The long-term goal is to determine if decreased blood flow to the brain (cerebral hypoperfusion) is predictive of antidepressant outcomes in late-life depression (LLD). Studies in younger adult report that successful antidepressant treatment is associated with increases in cerebral blood flow, with no change in blood flow being observed in nonresponders. Thus cerebral hypoperfusion may be a biomarker of poor response to antidepressants. In LLD, this may occur secondarily to underlying vascular disease. If LLD is characterized by cerebral hypoperfusion and it does have predictive power to identify individuals who will poorly respond to conventional antidepressants, this would support the study of interventions that improve cerebral perfusion and may improve antidepressant outcomes.

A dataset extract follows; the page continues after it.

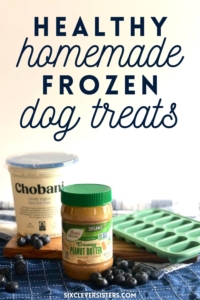 Healthy Homemade Dog Treats | Frozen Dog Treats | Healthy Dog Treats | Homemade Treats for my Dog | Blueberry Frozen Dog Treats | Peanut Butter Dog Treats | Easy Healthy Dog Treat Recipe | Looking for a healthy dog treat recipe for your pup? This one is a simple three-ingredient recipe with no added sugars and makes a tasty cool treat for your pup in the summer. Find the recipe at SixCleverSisters.com.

As an initial step in this research, this pilot study will utilize MRI to examine if resting blood flow deficits predict and persist with antidepressant nonremission in an elderly population. The rationale for this proposal is that it will guide the design and power requirements of a larger, definitive trial examining the relationship between cerebral perfusion and depression outcomes. Importantly, support for this mechanism being linked to LLD would also support studies examining the antidepressant efficacy of drugs that may improve cerebral perfusion.

The primary purpose of this pilot study is a) to demonstrate feasibility by recruiting, scanning, and treating depressed elders; and b) to acquire preliminary data for competitive grant submissions.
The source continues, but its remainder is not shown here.